The Federal Rules of Civil Procedure require that a pleading contain "a short and plain statement of the grounds upon which the court's jurisdiction depends," and a "short and plain statement of the claim showing that the pleader is entitled to relief." Fed.R.Civ.P. 8(a)(1) — (2). Plaintiffs deliver neither. While it is true that they "need not provide extensive factual details" in their complaint, their "'short and plain statement' must at least include some factual assertions" to put defendants on notice of the "the event being sued upon." Flowers v. Executive Office of the President, 142 F. Supp. 2d 38, 46-47 (D.D.C. 2001) (citation omitted). Plaintiffs fail to allege any facts in support of their charges of fraud, extortion, and conspiracy on the part of defendants. The court is not "required to speculate that factual propositions unmentioned, or evidentiary links unrevealed," are among the facts plaintiffs seek to establish at some later date. ACLU Found. of S. Cal. v. Barr, 952 F.2d 457, 472 (D.C. Cir. 1991) (citation omitted) (upholding dismissal of complaint omitting essential elements of stated claims). Regardless of the intensity of plaintiffs' convictions, or the hyperbole of their filings, their claims cannot be sustained because they do not advance beyond pure conjecture.

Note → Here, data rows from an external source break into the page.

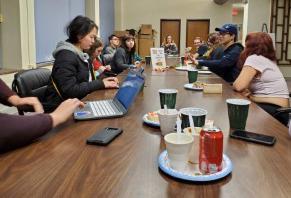 ISA members sitting around a long, wood table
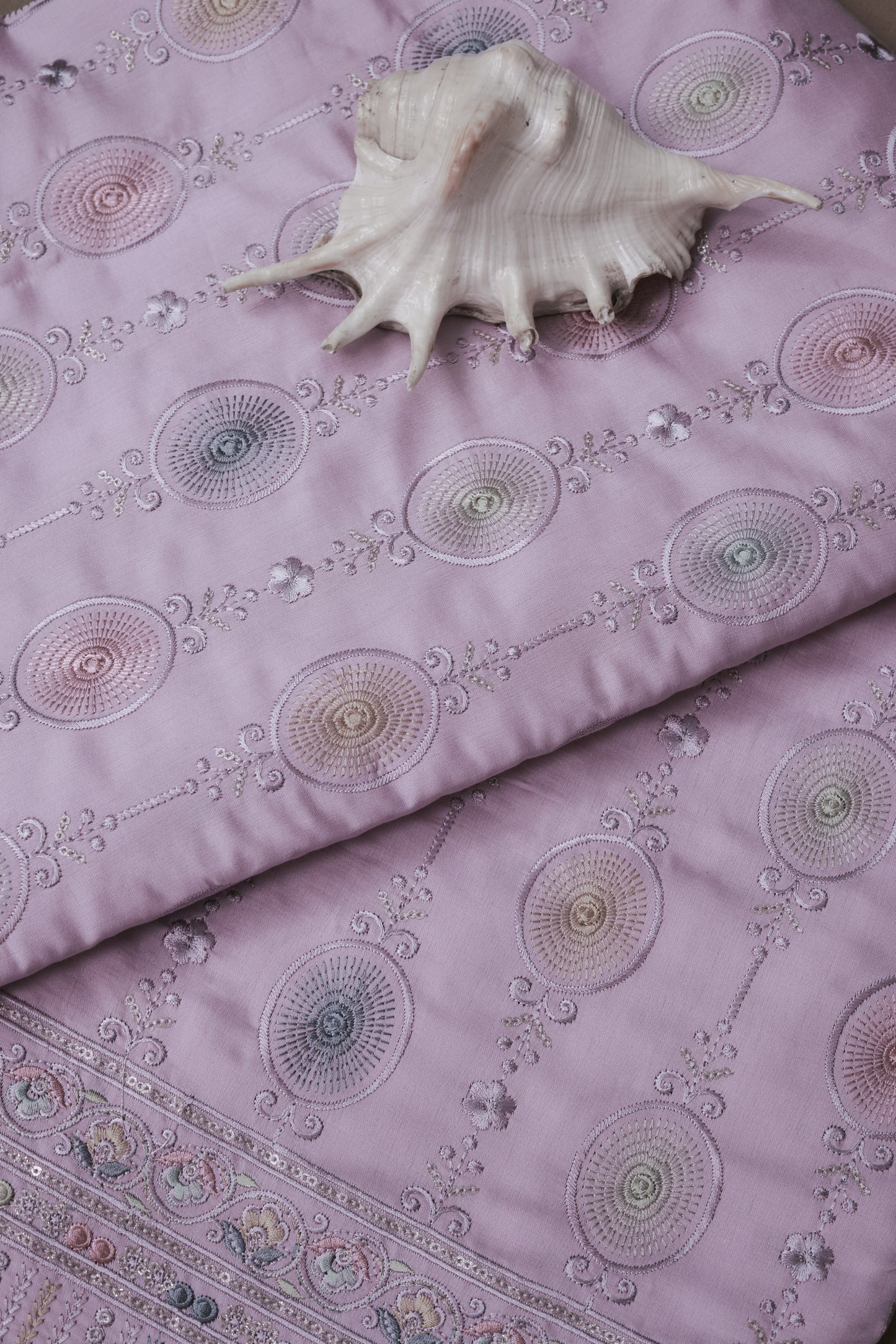Embroidered Fabric with Circular and Floral Motifs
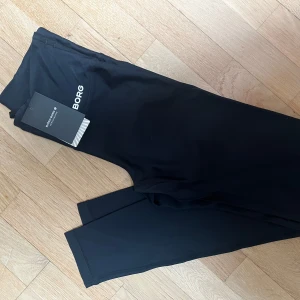 Svarta tights från Björn Borg - Svarta tights från Björn Borg med logga på höften. Snygg och sportig modell i stretchigt material, perfekta för träning eller gym. Tight passform och bekväma att röra sig i.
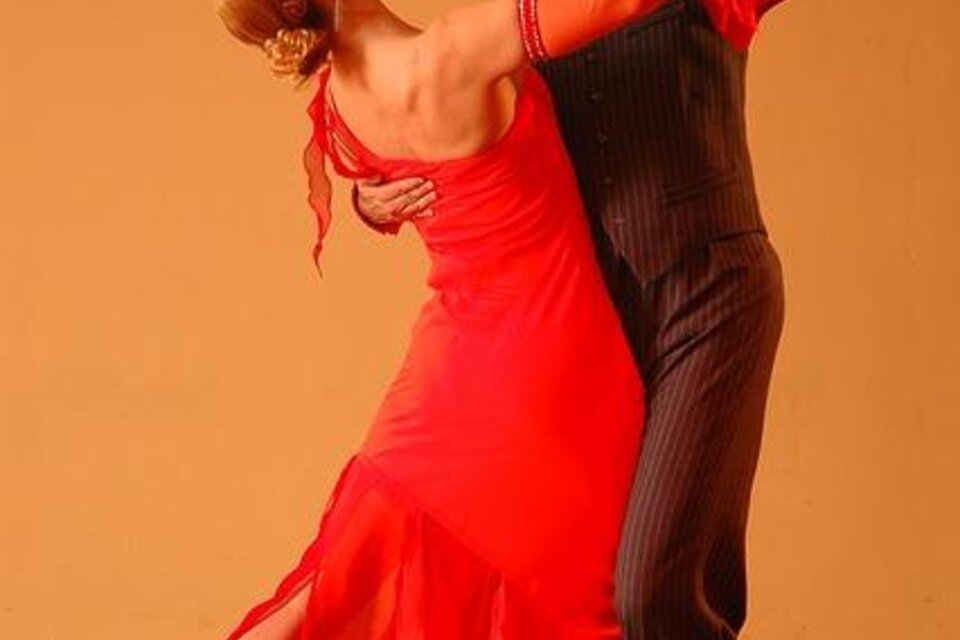 Ein Paar tanzt leidenschaftlich Tango. Die Frau trägt ein rotes Kleid und der Mann ist elegant gekleidet.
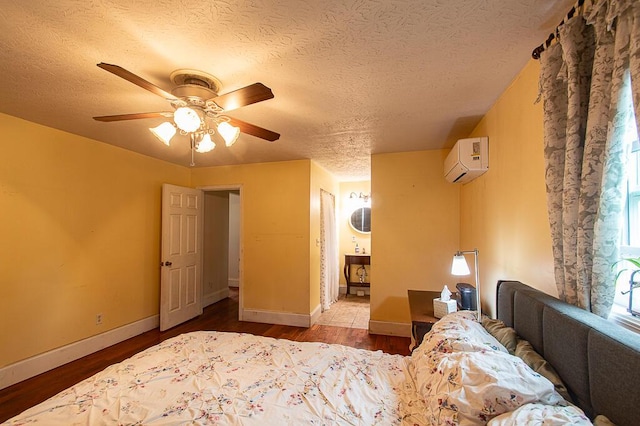 121 Meredith Ave, Frankfort, KY 40601 - bedroom featuring an AC wall unit, wood finished floors, a textured ceiling, and baseboards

Plaintiffs request various other forms of declarative and injunctive relief unrelated to the Privacy Act. For instance, they seek declarations that the Internal Revenue Service was never created by Congress; that the regulatory authority of the Secretary of the Treasury to collect taxes applies only to alcohol, tobacco, and firearms; that none of plaintiffs are involved in commercial activities that produce taxable income; that Social Security numbers have been fraudulently assigned to plaintiffs; and that the Internal Revenue Code applies only to federal employees. Am. Compl. at 34-35. When faced with similar "shopworn arguments characteristic of taxprotester rhetoric," Leonard v. Comm'r of Internal Revenue, T.C.M. 1998-290, 1998 WL 453668 (T.C. 1998), courts have readily dismissed such claims as frivolous. See, e.g., United States v. Collins, 920 F.2d 619, 629-30 (10th Cir. 1990); United States v. Sloan, 939 F.2d 499, 500-01 (7th Cir. 1991); Parker v. Comm'r of Internal Revenue, 724 F.2d 469, 471-72 (5th Cir. 1984). This court finds that plaintiffs' present claims require the same disposition.
III. CONCLUSION
For the foregoing reasons, the court concludes that defendants' motion to dismiss, or in the alternative for summary judgment, must be granted. An appropriate order accompanies this memorandum opinion.